'''

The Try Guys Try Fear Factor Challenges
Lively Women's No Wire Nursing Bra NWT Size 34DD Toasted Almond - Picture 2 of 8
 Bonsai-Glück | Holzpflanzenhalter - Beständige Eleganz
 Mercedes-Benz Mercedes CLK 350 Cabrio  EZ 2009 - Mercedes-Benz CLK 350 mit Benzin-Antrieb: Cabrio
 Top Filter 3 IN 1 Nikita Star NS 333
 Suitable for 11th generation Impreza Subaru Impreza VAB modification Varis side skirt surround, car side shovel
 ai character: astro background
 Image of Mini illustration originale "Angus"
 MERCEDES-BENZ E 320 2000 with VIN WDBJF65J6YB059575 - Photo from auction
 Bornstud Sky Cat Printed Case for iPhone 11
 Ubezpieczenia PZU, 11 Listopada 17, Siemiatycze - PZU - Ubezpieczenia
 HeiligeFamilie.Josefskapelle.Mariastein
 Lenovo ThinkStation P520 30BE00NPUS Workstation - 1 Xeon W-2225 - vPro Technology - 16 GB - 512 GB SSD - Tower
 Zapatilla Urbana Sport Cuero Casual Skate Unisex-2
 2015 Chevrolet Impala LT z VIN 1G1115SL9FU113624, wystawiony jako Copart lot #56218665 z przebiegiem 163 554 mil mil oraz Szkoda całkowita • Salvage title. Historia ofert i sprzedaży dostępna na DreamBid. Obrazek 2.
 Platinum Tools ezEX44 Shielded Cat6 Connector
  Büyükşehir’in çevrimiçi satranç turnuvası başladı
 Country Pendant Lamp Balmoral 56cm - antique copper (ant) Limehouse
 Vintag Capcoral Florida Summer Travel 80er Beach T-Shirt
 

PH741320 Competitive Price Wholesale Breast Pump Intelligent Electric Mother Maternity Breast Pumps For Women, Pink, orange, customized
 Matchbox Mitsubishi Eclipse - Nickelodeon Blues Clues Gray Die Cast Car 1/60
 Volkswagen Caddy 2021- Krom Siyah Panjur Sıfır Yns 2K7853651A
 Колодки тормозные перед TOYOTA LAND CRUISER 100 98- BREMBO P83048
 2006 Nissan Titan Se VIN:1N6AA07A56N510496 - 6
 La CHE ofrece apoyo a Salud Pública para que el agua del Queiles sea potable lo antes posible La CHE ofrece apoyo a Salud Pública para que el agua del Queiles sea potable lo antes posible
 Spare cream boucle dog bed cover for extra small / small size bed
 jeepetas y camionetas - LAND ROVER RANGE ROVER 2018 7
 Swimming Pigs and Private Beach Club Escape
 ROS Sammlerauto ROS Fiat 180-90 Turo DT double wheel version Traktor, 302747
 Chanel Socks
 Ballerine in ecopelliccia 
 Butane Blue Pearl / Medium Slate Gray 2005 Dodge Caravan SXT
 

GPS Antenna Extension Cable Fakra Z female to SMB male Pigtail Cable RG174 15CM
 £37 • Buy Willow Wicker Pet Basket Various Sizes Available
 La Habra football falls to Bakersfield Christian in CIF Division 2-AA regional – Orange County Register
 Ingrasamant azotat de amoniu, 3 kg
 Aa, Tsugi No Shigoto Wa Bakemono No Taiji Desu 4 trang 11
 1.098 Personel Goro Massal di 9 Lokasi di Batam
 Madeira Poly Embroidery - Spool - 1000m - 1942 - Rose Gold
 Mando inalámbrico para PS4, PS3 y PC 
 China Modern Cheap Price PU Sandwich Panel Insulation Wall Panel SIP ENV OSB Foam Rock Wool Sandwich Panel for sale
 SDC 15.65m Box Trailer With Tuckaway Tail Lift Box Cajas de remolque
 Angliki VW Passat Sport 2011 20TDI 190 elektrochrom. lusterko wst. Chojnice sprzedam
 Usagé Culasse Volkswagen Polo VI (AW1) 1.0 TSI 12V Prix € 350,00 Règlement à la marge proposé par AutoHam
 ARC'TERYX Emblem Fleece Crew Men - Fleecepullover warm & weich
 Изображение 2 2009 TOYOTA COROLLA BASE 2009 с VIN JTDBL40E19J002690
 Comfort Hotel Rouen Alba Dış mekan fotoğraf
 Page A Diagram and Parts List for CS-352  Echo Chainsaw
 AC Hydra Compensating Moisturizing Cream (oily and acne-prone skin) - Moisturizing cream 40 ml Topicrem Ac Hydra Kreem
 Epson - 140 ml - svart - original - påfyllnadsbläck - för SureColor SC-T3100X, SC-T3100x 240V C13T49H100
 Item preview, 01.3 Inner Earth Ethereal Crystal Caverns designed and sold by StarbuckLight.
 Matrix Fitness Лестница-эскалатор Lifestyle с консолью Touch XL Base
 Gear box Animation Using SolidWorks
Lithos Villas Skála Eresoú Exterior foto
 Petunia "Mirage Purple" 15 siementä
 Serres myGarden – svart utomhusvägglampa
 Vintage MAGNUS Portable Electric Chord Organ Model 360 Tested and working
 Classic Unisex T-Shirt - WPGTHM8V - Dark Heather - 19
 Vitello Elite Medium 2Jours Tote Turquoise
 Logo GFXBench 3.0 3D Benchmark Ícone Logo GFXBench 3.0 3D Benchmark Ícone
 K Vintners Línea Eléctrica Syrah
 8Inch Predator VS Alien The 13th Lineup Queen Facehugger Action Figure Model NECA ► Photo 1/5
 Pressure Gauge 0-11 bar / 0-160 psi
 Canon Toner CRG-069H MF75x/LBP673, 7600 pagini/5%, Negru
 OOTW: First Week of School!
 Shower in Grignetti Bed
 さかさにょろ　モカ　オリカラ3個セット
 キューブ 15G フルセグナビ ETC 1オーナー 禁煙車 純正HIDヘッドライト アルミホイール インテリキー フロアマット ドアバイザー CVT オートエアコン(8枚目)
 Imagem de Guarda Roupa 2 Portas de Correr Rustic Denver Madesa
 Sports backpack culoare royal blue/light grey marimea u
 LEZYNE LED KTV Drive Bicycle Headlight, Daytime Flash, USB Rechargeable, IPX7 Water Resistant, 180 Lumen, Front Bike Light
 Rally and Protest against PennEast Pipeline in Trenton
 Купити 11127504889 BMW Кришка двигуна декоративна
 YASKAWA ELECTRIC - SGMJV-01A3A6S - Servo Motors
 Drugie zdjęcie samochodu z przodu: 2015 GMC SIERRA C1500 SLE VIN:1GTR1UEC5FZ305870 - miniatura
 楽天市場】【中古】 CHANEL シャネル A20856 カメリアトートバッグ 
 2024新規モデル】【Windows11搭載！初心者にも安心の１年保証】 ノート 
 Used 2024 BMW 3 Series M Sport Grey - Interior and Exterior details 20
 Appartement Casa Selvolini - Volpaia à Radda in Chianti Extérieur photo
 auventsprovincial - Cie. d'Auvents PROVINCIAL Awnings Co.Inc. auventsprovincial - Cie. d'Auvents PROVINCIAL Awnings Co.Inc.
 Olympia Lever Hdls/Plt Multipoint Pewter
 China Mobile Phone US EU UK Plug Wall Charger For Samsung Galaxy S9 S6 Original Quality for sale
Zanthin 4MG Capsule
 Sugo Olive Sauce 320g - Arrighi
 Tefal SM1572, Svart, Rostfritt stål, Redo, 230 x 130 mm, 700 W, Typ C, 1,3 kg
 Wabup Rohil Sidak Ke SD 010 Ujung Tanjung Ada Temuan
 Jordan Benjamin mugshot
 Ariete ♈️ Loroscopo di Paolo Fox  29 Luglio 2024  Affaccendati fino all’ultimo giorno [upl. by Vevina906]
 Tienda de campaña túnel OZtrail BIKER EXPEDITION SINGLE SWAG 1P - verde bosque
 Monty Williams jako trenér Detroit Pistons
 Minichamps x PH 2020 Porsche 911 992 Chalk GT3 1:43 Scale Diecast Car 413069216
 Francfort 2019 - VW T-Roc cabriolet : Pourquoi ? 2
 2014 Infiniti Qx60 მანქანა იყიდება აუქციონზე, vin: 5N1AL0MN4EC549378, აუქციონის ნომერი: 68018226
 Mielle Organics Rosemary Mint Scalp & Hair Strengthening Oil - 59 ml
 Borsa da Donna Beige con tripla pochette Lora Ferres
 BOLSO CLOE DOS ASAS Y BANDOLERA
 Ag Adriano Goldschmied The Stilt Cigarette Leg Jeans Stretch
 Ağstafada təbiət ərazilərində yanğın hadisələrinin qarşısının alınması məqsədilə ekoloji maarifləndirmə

'''

The answer should consist solely of the lines from the first line above through the one with "Top Filter 3 IN 1 Nikita Star NS 333", both included, repeated exactly.

The Try Guys Try Fear Factor Challenges
Lively Women's No Wire Nursing Bra NWT Size 34DD Toasted Almond - Picture 2 of 8
 Bonsai-Glück | Holzpflanzenhalter - Beständige Eleganz
 Mercedes-Benz Mercedes CLK 350 Cabrio  EZ 2009 - Mercedes-Benz CLK 350 mit Benzin-Antrieb: Cabrio
 Top Filter 3 IN 1 Nikita Star NS 333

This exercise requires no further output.